**To do**
Write out the listing again, exactly as it appears below.

**The data**

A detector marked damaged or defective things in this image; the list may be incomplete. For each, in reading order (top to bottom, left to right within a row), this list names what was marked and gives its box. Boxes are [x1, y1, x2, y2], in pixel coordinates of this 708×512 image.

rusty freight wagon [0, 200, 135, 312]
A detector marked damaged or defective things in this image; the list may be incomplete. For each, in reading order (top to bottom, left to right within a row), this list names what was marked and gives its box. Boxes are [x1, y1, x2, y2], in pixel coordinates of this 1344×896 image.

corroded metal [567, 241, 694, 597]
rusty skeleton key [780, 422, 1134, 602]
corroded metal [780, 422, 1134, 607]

**Task answer**
A detector marked damaged or defective things in this image; the list may be incomplete. For each, in reading order (top to bottom, left to right within a row), this list names what was marked and gives its box. Boxes are [x1, y1, x2, y2], in pixel coordinates of this 708×512 image.

rusty freight wagon [0, 200, 135, 312]
A detector marked damaged or defective things in this image; the list may be incomplete. For each, in reading order (top to bottom, left to right within a row), this list names what was marked and gives its box. Boxes are [x1, y1, x2, y2], in pixel coordinates of this 1344×896 image.

corroded metal [567, 241, 694, 597]
rusty skeleton key [780, 422, 1134, 602]
corroded metal [780, 422, 1134, 607]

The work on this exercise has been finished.